Grzaniec z Kołobrzegu

O tym, że jestem fanem piwa Kołobrzeskiego wie każdy, kto wpada na tego bloga. Nad jego smakiem rozpływam się zawsze, kiedy przyjdzie mi odwiedzić okolice Kołobrzegu. W tym roku oprócz tradycyjnych butelek ciemnego, kupiłem sobie także grzańca, z wypiciem którego postanowiłem poczekać do zimy. Myślę, że już nie ma sensu czekać dłużej i choć za oknem nie szaleje trzaskający mróz, jakoś mi tak zimno i muszę się napić grzanego piwka :)

Fakt, grzaniec z butelki to pewne pójście na łatwiznę. Zazwyczaj zimą sam bawię się w przyprawianie podgrzewanego piwa: goździki, miód, cynamon, czasem kombinuję i tak zdarzyło mi się użyć rodzynek, skórki pomarańczowej, jabłka, suszonego banana... Tu mamy sprawę prostą - otwierasz butelkę i podgrzewasz. Ale efekt jest całkiem, całkiem.

Już podczas podgrzewania unosił się w kuchni owocowy aromat z domieszką bliżej nie określonych przypraw. Według etykietki są to imbir, cynamon i goździki. Za owocowy aromat odpowiadają maliny.
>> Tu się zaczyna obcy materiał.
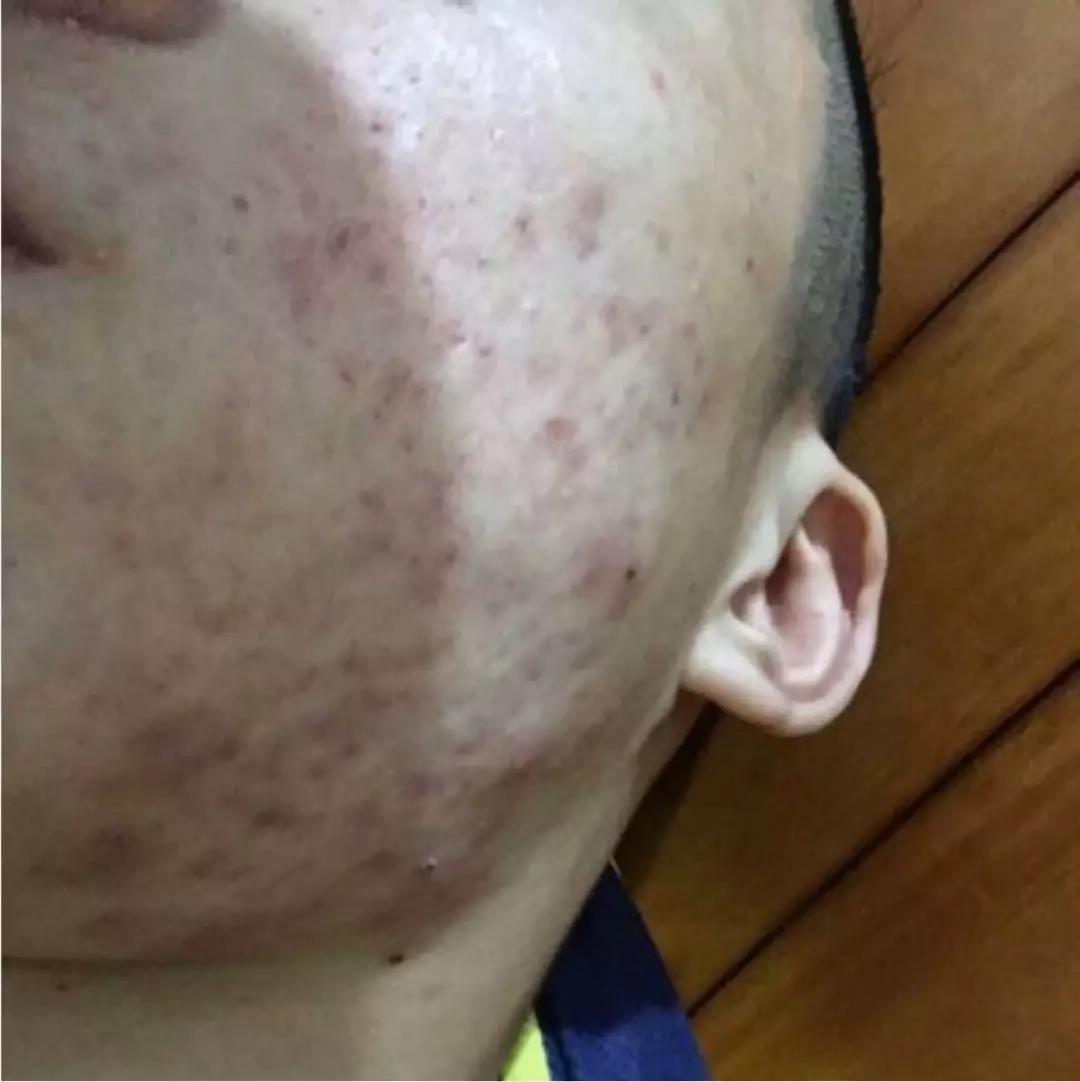 怎么祛痘祛痘印最有效的方法,如何快速祛痘祛痘印小妙招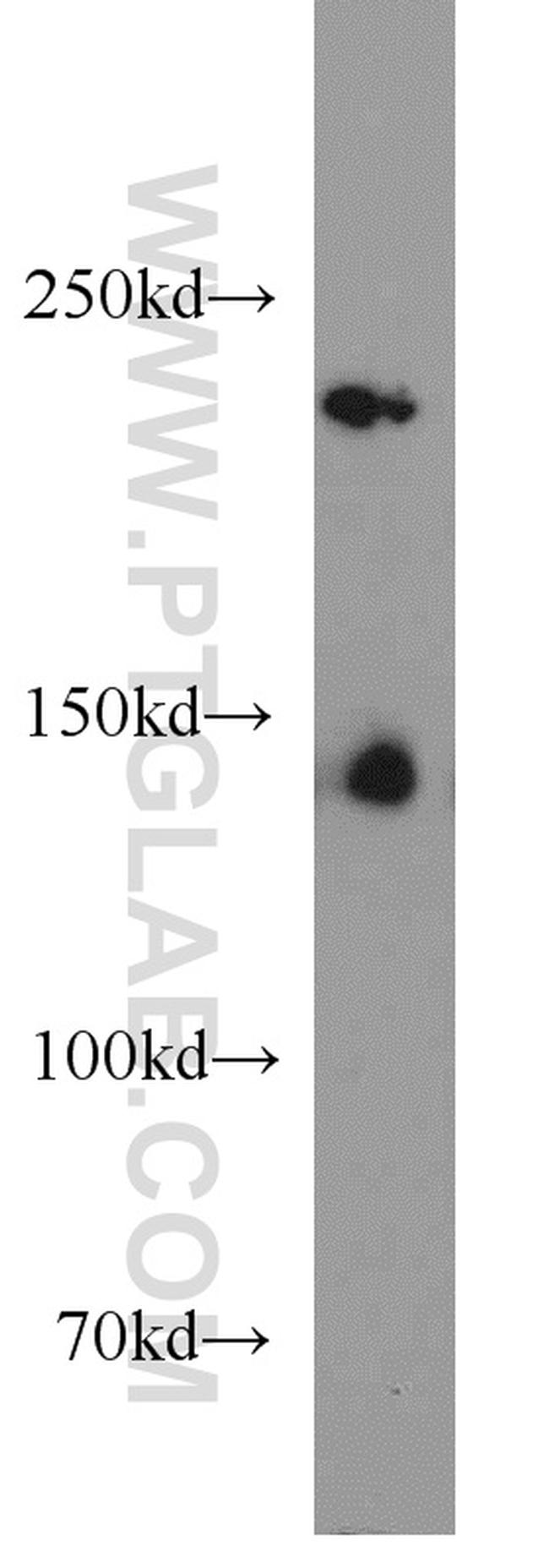 HDAC4 Antibody in Western Blot (WB)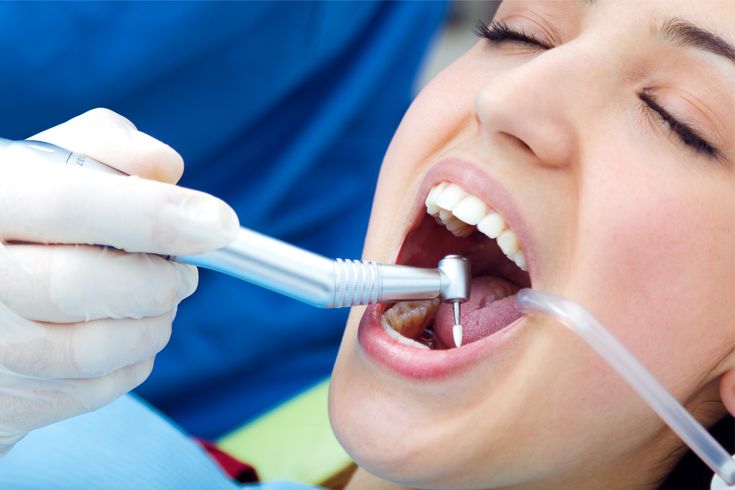 Tooth Fillings & Restorations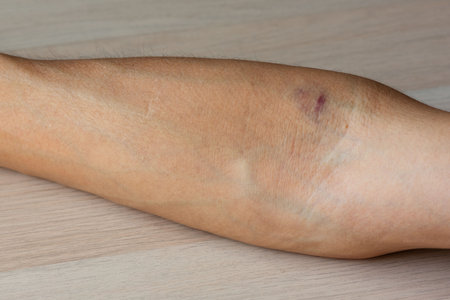 Ecchymosis on the man arm from the blood draw needle.の写真素材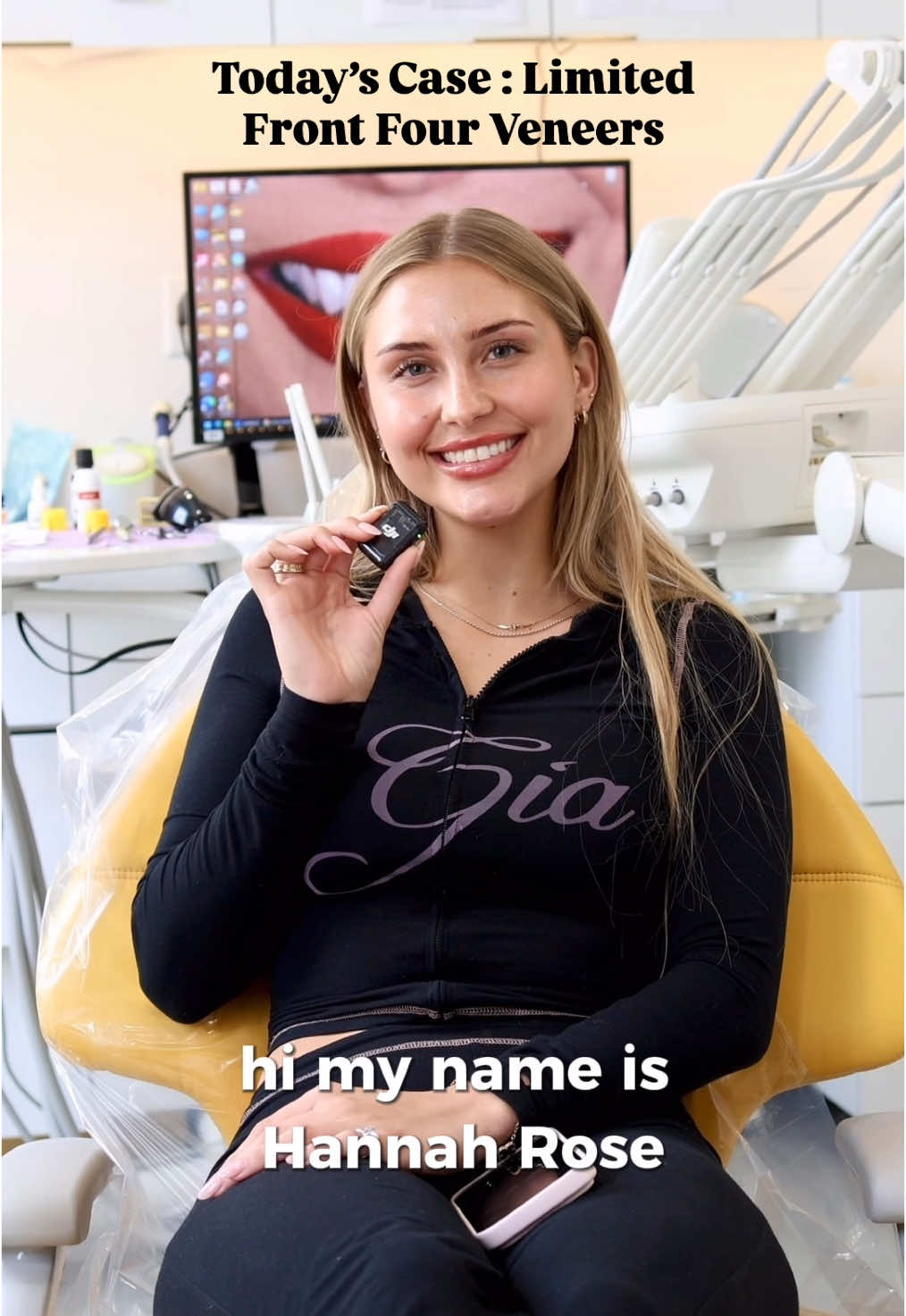 #porcelainveneers #veneers #testimonytime #dentlaveneers #frontteeth 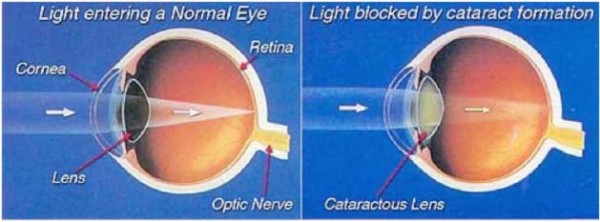 What is Cataract Shroff Eye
Podczas gotowania piana podnosi się bardzo mocno, co w sumie jest zupełnie normalnie. Po przelaniu do kufla, powoli opada, aby pozostawić średniej grubości warstwę.

Ale najważniejszy jest smak. Smak jest delikatny. Chyba tak najlepiej go określić. Browar nie przesadził z ilością przypraw, więc wrażenie jest takie, że w pierwszej chwili wyczuwam piwo o smaku miodowym z domieszką wspomnianych malin, a dopiero po chwili zostaje on delikatnie przełamany przez goryczkę wzmocnioną przyprawami. Jest to bardzo ciekawe wrażenie. Piwo, jak na grzańca przystało, rozgrzewa i poprawia nastrój. I o to chodzi.

Kołobrzeskiego grzańca oceniam na 4+, bo przyznaję, że spodziewałem się nieco więcej aromatu, ale i tak jestem zadowolony. Pewnie w tym roku znów wyląduję w okolicach Kołobrzegu i tym razem zrobię sobie zapas grzańca na zimę.